Recorded data
=== Begin Enclosure ===

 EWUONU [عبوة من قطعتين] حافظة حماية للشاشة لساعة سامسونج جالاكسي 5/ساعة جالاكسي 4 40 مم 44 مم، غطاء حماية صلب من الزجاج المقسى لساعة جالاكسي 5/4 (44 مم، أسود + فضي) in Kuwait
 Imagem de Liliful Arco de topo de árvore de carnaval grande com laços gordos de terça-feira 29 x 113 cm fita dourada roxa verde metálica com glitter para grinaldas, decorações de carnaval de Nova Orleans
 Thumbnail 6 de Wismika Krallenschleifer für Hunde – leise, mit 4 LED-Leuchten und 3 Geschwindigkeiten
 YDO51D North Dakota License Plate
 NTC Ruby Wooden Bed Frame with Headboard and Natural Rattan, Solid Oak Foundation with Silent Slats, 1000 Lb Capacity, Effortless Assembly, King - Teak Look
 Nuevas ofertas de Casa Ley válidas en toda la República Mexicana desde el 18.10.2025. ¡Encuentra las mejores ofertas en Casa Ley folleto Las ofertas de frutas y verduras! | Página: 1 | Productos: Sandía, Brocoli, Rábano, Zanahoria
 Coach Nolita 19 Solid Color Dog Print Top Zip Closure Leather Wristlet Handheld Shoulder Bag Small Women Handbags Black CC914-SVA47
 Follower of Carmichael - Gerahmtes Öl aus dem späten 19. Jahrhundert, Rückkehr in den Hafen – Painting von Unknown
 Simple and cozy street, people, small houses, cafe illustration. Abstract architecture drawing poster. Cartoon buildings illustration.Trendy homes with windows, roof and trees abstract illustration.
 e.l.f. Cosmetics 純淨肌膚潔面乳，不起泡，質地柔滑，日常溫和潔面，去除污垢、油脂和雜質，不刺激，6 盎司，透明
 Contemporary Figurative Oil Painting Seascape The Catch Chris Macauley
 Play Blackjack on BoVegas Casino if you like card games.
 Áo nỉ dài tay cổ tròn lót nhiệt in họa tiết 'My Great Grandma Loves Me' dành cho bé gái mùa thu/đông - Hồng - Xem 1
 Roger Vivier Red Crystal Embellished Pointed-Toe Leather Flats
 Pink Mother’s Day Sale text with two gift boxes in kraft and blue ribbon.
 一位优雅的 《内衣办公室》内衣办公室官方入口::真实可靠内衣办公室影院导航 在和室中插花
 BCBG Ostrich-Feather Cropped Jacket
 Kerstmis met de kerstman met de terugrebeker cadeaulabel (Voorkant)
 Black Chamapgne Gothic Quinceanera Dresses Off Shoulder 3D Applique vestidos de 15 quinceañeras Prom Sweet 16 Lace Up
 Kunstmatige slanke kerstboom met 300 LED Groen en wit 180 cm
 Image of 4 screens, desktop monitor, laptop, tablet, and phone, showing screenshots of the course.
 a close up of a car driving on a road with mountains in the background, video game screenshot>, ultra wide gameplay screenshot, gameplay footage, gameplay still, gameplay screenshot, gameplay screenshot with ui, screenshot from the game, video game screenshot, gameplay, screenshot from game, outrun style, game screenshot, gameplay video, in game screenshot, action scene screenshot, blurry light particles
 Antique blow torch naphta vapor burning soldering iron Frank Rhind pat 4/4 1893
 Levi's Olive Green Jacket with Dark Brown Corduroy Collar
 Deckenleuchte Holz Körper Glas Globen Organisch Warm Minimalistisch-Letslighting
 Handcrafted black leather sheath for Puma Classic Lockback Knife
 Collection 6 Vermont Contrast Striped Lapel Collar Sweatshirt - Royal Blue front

=== End Enclosure ===

Filter the records above for "with" and copy every matching line.

 NTC Ruby Wooden Bed Frame with Headboard and Natural Rattan, Solid Oak Foundation with Silent Slats, 1000 Lb Capacity, Effortless Assembly, King - Teak Look
 Simple and cozy street, people, small houses, cafe illustration. Abstract architecture drawing poster. Cartoon buildings illustration.Trendy homes with windows, roof and trees abstract illustration.
 Pink Mother’s Day Sale text with two gift boxes in kraft and blue ribbon.
 a close up of a car driving on a road with mountains in the background, video game screenshot>, ultra wide gameplay screenshot, gameplay footage, gameplay still, gameplay screenshot, gameplay screenshot with ui, screenshot from the game, video game screenshot, gameplay, screenshot from game, outrun style, game screenshot, gameplay video, in game screenshot, action scene screenshot, blurry light particles
 Levi's Olive Green Jacket with Dark Brown Corduroy Collar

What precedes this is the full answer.